11 Oct 2024 – 18:30 - 20:00 BST
University of York
Room SLB/118
Spring Lane Building
Campus West
University of York
397 Harewood Way
Heslington
York YO10 5DS

Hear Kate Pickett, Richard Wilkinson and Danny Dorling as they are interviewed by Matthew Taylor, Chief executive officer of NHS Confederation, on where they consider inequality to be today. They will discuss what are the new opportunities and challenges and how do they see the future unfolding?

100 days after the new Labour government came into power and 15 years since The Spirit Level – the ground-breaking book that sounded the alarm on the corrosive effects of economic injustice – was published, we ask what progress has been made in tackling inequality?

More than a decade on, social epidemiologists Professors Kate Pickett and Richard Wilkinson, present The Spirit Level at 15. A report updating and reviewing the The Spirit Level, which in 2009 linked the negative effects of inequality to a wide range of social ills – from higher rates of imprisonment and mental health issues to eroded trust within society. It revolutionised the way we looked at, measured and understood the impacts of inequality. 15 years later, do the warnings ring truer than ever now?

Revealing their findings, they will be joined by social geographer Professor Danny Dorling, who, as explored in his latest book Seven Children, considers injustice and hope for children in modern Britain.

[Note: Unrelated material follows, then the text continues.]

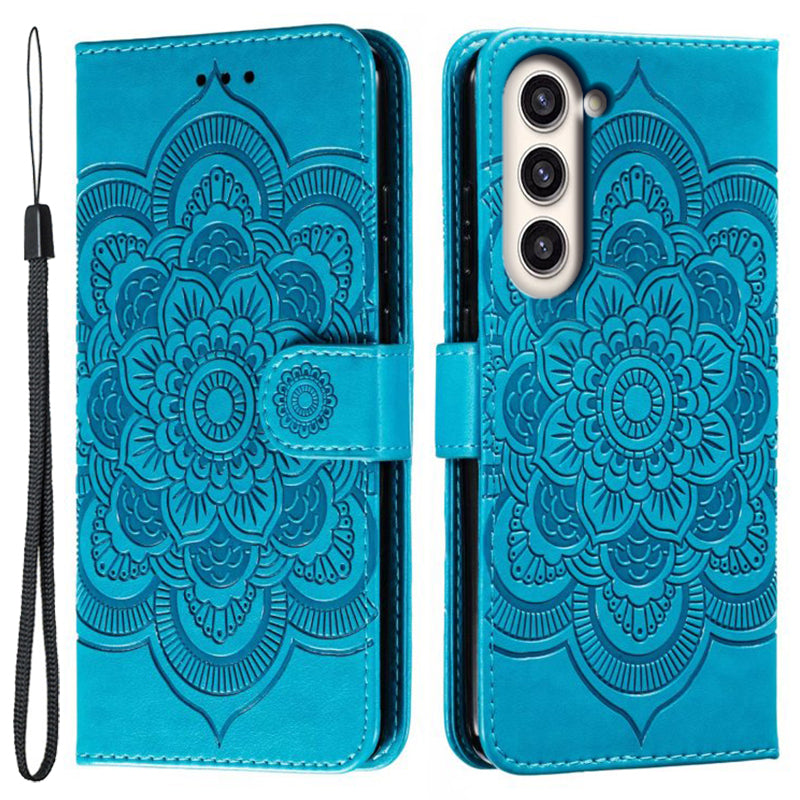Uniqkart for Samsung Galaxy S23+ Imprinting Mandala Flower Phone Cover Flip PU Leather Stand Protective Case - Blue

In Seven Children, Danny constructs seven ‘average’ children from millions of statistics—each child symbolising the very middle of a parental income bracket, from the poorest to the wealthiest. Dorling’s seven were born in 2018, when the UK faced its worst inequality since the Great Depression and became Europe’s most socially divided nation. They turned 5 in 2023, amid a devastating cost-of-living crisis. Their country has Europe’s fastest-rising child poverty rates, and even the best-off of the seven is disadvantaged. Yet aspirations endure.

Hear Kate, Richard and Danny as they are interviewed by Matthew Taylor, Chief executive officer of NHS Confederation, on where they consider inequality to be today. They will discuss what are the new opportunities and challenges and how do they see the future unfolding?

This event is in partnership with The York Policy Engine (TYPE) is a cross-faculty initiative, supporting all academic disciplines at the University.

The event will be followed by a book signing.